Efforts in other countries to help workers turn savings into streams of guaranteed retirement income have run into problems during the Great Recession.
Analysts at State Street Corp., Boston, a money manager, discuss other countries’ experiences with mandatory retirement savings annuitization programs in a report on the life insurance market.
The U.S. Department of Labor and other federal departments and agencies have been talking about the possibility of creating new types of annuitization options or requirements to help participants in 401(k) plans and other defined contribution retirement plans make their savings last through retirement.
In some countries, the Great Recession has caused problems both for income annuity performance and for access to safe guaranteed products, the analysts say.
The United Kingdom, for example, has had a compulsory annuitization program that has required defined contribution plan participants and holders of individual retirement savings products to roll their assets into annuities by the time they were 75.

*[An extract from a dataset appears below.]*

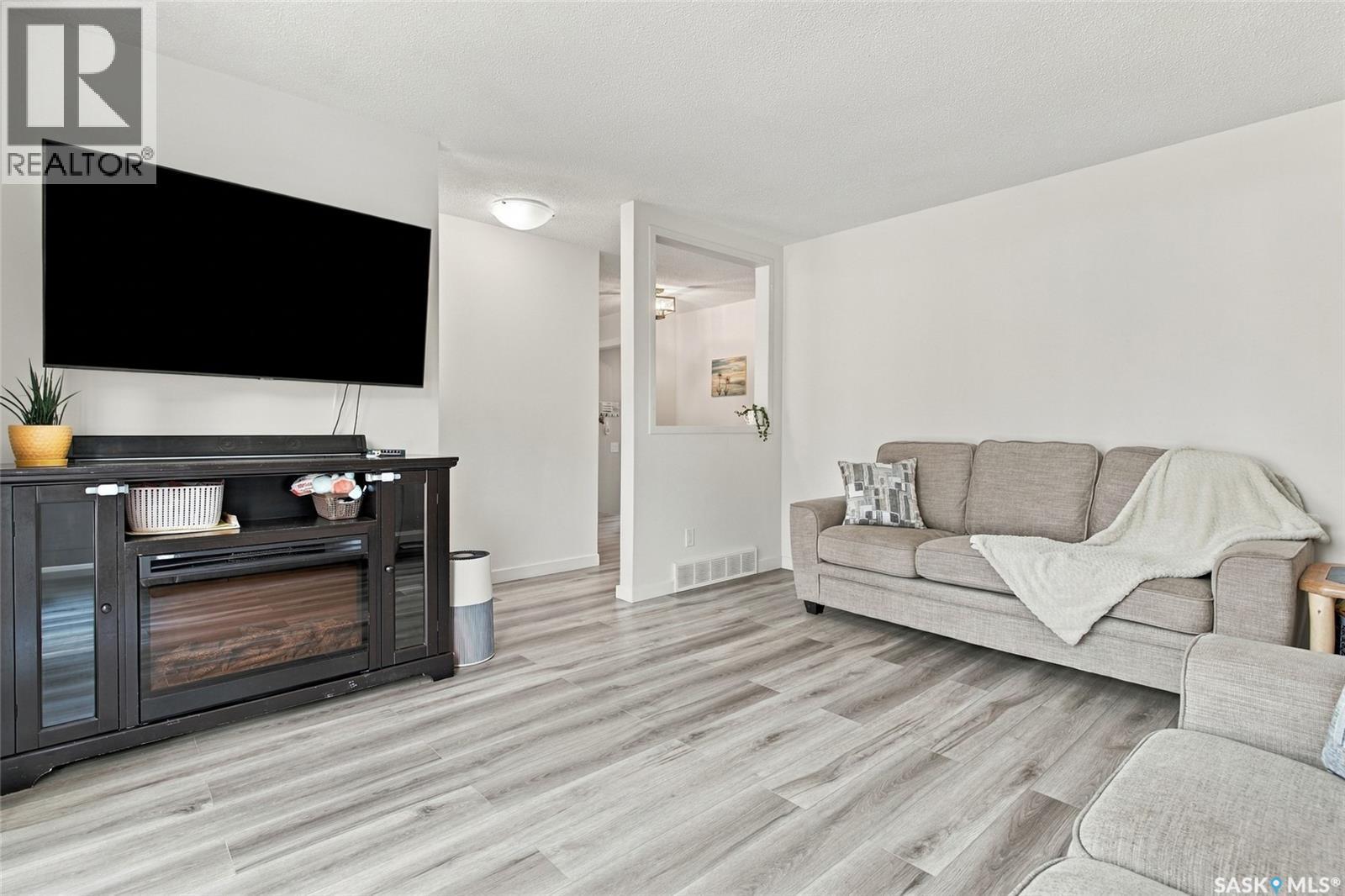 55 Trident Crescent, Saskatoon, SK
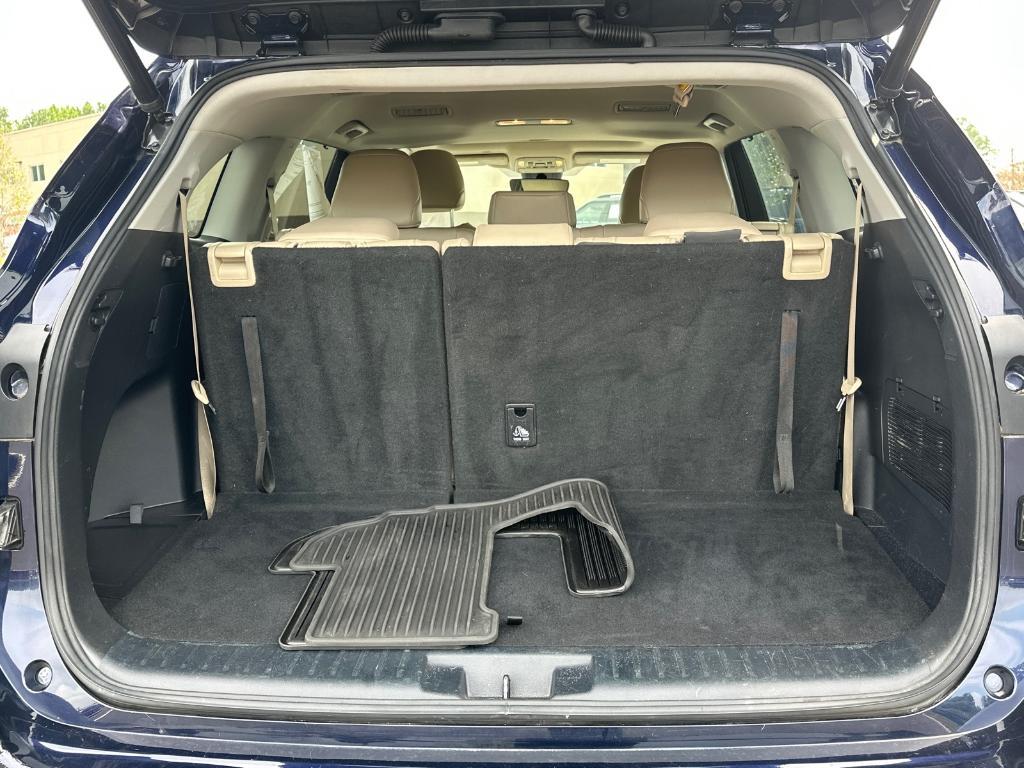 used 2021 Toyota Highlander car, priced at $30,538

“In 2009, annuity rates fell due to the financial crisis, causing pensioners who purchased annuities to accept the risk of receiving only half the income they might have otherwise expected from an annuity in previous years,” the analysts say.
Now, a new U.K. government has decided to end the annuitization requirement, the analysts say.
In other markets, the companies that once backed insurance-wrapped retirement investments have backed away due to the challenging market conditions, the analysts say.
“Hence,” the analysts predict, “the next frontier for innovation will be in translating lump-sum retirement savings into income while also addressing longevity risk.”
Meanwhile, “there are signs that capital intensive products, such as old-style annuities, may be on the way out,” the analysts say. “In some markets, this shift is already happening.”